I need the lines below from the one with "Cuthart Beige Accent" down to the one with "Eyelash Vector File, Vector" reproduced exactly, both ends included, and nothing else.

Scraped caption text data
· · · · ·

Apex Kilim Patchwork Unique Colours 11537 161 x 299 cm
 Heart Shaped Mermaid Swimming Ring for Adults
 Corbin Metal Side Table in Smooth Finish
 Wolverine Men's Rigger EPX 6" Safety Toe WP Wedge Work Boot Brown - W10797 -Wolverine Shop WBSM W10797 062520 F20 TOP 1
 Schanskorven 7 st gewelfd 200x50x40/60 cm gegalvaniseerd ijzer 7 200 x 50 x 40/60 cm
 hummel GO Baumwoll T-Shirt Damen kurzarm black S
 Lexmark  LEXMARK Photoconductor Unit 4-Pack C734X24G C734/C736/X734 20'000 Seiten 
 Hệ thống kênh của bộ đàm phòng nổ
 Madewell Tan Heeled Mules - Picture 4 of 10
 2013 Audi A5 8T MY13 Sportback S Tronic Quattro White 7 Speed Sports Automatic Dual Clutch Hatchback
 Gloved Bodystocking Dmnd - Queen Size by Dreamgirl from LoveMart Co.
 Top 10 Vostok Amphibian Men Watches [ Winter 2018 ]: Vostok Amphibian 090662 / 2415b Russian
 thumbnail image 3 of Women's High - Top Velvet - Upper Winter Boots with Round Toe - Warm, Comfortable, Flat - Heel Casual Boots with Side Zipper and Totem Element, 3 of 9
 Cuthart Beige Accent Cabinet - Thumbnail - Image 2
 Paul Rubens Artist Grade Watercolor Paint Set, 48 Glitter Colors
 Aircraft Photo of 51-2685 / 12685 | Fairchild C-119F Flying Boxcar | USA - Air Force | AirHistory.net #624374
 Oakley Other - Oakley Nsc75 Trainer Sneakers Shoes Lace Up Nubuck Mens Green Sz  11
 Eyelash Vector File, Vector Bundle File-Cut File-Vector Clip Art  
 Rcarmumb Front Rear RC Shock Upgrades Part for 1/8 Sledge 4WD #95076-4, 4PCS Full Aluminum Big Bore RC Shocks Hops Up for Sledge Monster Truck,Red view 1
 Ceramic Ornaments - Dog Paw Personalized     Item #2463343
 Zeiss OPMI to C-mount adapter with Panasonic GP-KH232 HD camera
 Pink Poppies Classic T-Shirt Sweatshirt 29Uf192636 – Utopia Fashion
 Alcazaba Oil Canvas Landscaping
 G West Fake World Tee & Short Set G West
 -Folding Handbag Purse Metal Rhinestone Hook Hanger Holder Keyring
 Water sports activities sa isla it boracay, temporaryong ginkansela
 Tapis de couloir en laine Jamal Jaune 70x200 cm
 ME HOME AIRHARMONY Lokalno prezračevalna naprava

· · · · ·

Answer space =>
 Cuthart Beige Accent Cabinet - Thumbnail - Image 2
 Paul Rubens Artist Grade Watercolor Paint Set, 48 Glitter Colors
 Aircraft Photo of 51-2685 / 12685 | Fairchild C-119F Flying Boxcar | USA - Air Force | AirHistory.net #624374
 Oakley Other - Oakley Nsc75 Trainer Sneakers Shoes Lace Up Nubuck Mens Green Sz  11
 Eyelash Vector File, Vector Bundle File-Cut File-Vector Clip Art  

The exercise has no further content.